- Born: August 19, 2008 (age 17) Dubai, United Arab Emirates
- Known for: Anti-war activism, political imprisonment in Russia

= Arseny Turbin =

Russian teenage political prisoner and anti-war activist

Arseny Turbin (Арсений Турбин, born 19 August 2008) is a Russian teenager and political activist. He became internationally known in 2024 after being sentenced to five years in a juvenile correctional colony in Russia on charges of "participating in a terrorist organization." He is widely regarded by human rights groups and media as one of the youngest political prisoners in modern Russia.

== Early life ==
Turbin was born in Dubai, United Arab Emirates, to a Russian mother and Emirati father. He was raised in Livny, Oryol Oblast, Russia. He was an academically successful student at the Bulhakov Lyceum and aspired to attend MGIMO University. Reports suggest he was bullied for his mixed heritage.

== Activism ==
In 2023, Turbin began posting anti-war content on Telegram, including founding a channel called "Свободная Россия" ("Free Russia") and distributing anti-Putin leaflets. On 1 June 2023, he allegedly emailed the anti-Kremlin military group Freedom of Russia Legion offering to assist with spreading their message, though he later stated that he never completed or submitted their recruitment form.

== Arrest and prosecution ==
On 29 August 2023, Turbin’s home was raided by the FSB, and he was detained on 5 September 2023. He was initially placed under house arrest and later transferred to a pre-trial detention center. In June 2024, the 2nd Western District Military Court in Moscow sentenced him to five years in a juvenile correctional colony under Article 205.5 Part 2 of the Russian Criminal Code (participation in a terrorist organization). According to Mediazona and The Moscow Times, the prosecution’s evidence was allegedly manipulated, and the FSB misrepresented Turbin’s statements during interrogation.

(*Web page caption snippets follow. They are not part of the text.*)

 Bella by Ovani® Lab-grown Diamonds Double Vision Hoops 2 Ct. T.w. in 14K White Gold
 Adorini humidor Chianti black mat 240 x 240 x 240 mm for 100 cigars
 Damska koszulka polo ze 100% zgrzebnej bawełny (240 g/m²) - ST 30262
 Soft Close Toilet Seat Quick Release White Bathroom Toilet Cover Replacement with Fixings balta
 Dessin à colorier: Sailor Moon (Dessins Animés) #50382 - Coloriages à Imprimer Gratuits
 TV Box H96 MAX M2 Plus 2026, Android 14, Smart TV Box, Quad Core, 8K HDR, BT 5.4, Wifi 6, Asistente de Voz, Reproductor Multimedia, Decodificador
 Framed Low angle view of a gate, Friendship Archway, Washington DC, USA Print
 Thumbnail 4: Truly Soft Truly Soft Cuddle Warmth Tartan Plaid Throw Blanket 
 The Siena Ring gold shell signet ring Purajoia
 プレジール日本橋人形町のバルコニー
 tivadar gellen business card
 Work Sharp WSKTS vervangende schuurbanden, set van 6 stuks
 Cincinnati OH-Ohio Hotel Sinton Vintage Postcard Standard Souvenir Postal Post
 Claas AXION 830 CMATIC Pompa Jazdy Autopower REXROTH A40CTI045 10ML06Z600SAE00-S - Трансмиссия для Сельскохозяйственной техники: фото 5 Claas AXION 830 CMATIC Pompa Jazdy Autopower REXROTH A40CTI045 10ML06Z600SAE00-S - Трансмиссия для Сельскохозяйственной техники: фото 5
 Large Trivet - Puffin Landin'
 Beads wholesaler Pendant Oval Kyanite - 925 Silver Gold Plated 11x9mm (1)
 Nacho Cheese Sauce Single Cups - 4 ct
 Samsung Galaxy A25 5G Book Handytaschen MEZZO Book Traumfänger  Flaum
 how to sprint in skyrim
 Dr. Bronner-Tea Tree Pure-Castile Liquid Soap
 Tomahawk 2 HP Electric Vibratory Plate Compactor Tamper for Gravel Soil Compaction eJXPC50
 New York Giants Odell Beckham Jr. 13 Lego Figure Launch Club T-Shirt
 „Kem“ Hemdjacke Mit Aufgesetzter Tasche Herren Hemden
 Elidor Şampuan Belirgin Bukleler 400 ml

Turbin was held at Moscow’s SIZO-5 (Vodnik), where he reported abuse by a cellmate and significant weight loss. In October 2024, he was placed in solitary confinement after a cell dispute and later transferred to a juvenile colony in Perm Krai.

In December 2025, according to his lawyer, a notebook was planted in his locker with A.U.E. writing. They claimed this was an attempt by the Russian authorities to bring a larger sentence, but that it failed and the prison began working on a new case.

On 21 February 2026, a support group advocating for Turbin reported that he was transferred to pre-trial detention, indicating a new criminal case. The defense stated that Turbin was charged with Article 212 - participating in mass riots, and could face 3 to 8 years for the new charge.

== Human rights designation ==
The human rights organization Memorial recognized Turbin as a political prisoner.